Data records:

**********

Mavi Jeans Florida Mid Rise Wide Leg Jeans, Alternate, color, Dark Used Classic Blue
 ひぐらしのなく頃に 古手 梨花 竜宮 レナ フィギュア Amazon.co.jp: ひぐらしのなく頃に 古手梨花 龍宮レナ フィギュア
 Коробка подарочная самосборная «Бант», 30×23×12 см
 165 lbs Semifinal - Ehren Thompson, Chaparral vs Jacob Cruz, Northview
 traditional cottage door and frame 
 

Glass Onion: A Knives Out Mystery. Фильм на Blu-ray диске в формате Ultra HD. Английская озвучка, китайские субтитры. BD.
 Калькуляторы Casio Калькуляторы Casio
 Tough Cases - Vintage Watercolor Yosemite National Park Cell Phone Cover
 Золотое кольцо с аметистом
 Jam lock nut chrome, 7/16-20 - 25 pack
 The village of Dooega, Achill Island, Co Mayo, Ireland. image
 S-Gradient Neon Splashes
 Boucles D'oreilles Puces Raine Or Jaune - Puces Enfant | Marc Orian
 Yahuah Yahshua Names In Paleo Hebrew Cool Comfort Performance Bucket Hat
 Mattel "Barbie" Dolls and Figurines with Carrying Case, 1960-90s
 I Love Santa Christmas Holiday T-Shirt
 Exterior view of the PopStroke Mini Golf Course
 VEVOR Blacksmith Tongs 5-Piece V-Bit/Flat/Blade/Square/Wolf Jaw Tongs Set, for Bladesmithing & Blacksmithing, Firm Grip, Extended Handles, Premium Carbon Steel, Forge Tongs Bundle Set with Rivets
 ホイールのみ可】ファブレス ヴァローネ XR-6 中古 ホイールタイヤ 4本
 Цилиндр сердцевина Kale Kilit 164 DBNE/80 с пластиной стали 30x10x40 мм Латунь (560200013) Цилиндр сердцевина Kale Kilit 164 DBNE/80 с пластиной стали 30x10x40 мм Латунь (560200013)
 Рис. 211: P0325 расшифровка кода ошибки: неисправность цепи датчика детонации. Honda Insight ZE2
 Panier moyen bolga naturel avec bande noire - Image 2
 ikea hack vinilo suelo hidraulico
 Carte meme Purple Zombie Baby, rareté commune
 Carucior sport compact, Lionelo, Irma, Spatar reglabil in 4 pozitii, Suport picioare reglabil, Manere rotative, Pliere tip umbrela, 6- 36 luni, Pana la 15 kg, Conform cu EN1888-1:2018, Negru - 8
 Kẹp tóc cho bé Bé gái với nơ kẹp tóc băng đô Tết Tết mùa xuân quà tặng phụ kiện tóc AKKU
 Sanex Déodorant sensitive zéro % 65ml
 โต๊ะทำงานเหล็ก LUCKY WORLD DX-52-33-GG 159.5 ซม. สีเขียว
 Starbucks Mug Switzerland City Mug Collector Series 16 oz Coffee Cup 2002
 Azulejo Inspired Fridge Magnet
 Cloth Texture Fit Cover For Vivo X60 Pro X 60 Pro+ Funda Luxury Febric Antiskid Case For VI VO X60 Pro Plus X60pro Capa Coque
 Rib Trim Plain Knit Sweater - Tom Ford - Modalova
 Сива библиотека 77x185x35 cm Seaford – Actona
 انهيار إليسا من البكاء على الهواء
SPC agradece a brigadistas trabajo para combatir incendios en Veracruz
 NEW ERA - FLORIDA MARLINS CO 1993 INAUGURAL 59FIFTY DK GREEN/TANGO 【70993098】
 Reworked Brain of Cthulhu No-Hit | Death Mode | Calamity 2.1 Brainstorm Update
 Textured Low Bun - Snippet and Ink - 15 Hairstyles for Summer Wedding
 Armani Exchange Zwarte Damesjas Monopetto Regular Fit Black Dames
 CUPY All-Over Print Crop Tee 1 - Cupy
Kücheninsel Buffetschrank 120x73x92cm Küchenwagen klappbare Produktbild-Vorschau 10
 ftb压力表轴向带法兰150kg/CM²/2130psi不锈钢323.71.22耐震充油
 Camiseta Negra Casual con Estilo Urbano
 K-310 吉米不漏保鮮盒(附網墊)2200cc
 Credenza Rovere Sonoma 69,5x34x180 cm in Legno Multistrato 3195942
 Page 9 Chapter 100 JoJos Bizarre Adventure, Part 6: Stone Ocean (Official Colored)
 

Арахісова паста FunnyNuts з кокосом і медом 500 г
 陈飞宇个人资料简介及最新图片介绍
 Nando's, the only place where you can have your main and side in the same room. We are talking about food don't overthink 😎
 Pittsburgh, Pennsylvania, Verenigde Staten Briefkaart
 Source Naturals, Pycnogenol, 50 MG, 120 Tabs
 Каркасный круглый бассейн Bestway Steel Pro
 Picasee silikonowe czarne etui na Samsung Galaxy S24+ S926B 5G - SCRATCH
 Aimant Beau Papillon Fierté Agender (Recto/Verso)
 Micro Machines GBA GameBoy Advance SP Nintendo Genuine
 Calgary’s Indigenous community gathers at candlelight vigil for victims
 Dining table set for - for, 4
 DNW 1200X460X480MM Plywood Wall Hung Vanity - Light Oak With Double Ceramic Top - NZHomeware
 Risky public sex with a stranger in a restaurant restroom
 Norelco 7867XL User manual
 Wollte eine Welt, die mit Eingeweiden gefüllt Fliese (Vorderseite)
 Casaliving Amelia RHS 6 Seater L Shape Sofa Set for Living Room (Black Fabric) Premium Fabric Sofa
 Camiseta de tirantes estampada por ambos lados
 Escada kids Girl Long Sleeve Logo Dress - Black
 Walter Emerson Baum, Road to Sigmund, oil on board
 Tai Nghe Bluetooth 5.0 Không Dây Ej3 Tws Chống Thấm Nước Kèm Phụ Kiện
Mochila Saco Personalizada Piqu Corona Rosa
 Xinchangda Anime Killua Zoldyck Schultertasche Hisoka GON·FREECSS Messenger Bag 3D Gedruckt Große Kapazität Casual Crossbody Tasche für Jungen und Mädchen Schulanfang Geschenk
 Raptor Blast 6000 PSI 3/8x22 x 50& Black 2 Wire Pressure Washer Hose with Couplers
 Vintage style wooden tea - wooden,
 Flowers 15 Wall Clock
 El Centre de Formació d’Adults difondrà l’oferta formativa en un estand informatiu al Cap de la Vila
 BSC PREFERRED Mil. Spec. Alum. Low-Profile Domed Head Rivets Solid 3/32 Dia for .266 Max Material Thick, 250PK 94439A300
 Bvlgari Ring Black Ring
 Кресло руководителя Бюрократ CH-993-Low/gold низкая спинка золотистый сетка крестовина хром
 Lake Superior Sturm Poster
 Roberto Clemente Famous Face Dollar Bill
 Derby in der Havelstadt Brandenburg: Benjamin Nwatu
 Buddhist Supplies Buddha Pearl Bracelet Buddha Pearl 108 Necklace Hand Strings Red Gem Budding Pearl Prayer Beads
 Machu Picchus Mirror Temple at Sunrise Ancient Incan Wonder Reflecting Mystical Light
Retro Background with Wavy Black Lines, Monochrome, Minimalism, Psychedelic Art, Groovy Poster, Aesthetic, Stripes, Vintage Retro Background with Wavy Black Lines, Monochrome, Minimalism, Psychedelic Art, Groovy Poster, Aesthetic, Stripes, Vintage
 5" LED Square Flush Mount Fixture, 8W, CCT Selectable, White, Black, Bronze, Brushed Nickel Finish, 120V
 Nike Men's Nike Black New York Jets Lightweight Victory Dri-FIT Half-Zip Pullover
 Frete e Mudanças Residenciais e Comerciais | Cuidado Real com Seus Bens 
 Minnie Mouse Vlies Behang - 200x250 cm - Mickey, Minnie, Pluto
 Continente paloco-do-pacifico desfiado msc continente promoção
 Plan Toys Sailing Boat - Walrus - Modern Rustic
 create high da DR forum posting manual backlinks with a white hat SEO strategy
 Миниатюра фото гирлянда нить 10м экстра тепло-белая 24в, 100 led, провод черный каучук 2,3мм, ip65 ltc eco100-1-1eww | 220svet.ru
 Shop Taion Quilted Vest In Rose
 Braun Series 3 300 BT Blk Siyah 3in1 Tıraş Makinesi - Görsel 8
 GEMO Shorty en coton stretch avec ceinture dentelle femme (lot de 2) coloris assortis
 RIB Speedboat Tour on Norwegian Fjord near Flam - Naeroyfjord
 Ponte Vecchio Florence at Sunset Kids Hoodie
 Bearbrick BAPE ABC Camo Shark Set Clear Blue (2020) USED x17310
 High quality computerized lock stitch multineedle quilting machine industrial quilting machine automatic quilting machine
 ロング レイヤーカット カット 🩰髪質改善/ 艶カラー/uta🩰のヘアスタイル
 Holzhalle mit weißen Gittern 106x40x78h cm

**********

Work instruction: Only those lines running from the one containing "Stripes, Vintage Retro" through the last line of the data above are to be copied, exactly, with both ends included.

Exercise result:
Retro Background with Wavy Black Lines, Monochrome, Minimalism, Psychedelic Art, Groovy Poster, Aesthetic, Stripes, Vintage Retro Background with Wavy Black Lines, Monochrome, Minimalism, Psychedelic Art, Groovy Poster, Aesthetic, Stripes, Vintage
 5" LED Square Flush Mount Fixture, 8W, CCT Selectable, White, Black, Bronze, Brushed Nickel Finish, 120V
 Nike Men's Nike Black New York Jets Lightweight Victory Dri-FIT Half-Zip Pullover
 Frete e Mudanças Residenciais e Comerciais | Cuidado Real com Seus Bens 
 Minnie Mouse Vlies Behang - 200x250 cm - Mickey, Minnie, Pluto
 Continente paloco-do-pacifico desfiado msc continente promoção
 Plan Toys Sailing Boat - Walrus - Modern Rustic
 create high da DR forum posting manual backlinks with a white hat SEO strategy
 Миниатюра фото гирлянда нить 10м экстра тепло-белая 24в, 100 led, провод черный каучук 2,3мм, ip65 ltc eco100-1-1eww | 220svet.ru
 Shop Taion Quilted Vest In Rose
 Braun Series 3 300 BT Blk Siyah 3in1 Tıraş Makinesi - Görsel 8
 GEMO Shorty en coton stretch avec ceinture dentelle femme (lot de 2) coloris assortis
 RIB Speedboat Tour on Norwegian Fjord near Flam - Naeroyfjord
 Ponte Vecchio Florence at Sunset Kids Hoodie
 Bearbrick BAPE ABC Camo Shark Set Clear Blue (2020) USED x17310
 High quality computerized lock stitch multineedle quilting machine industrial quilting machine automatic quilting machine
 ロング レイヤーカット カット 🩰髪質改善/ 艶カラー/uta🩰のヘアスタイル
 Holzhalle mit weißen Gittern 106x40x78h cm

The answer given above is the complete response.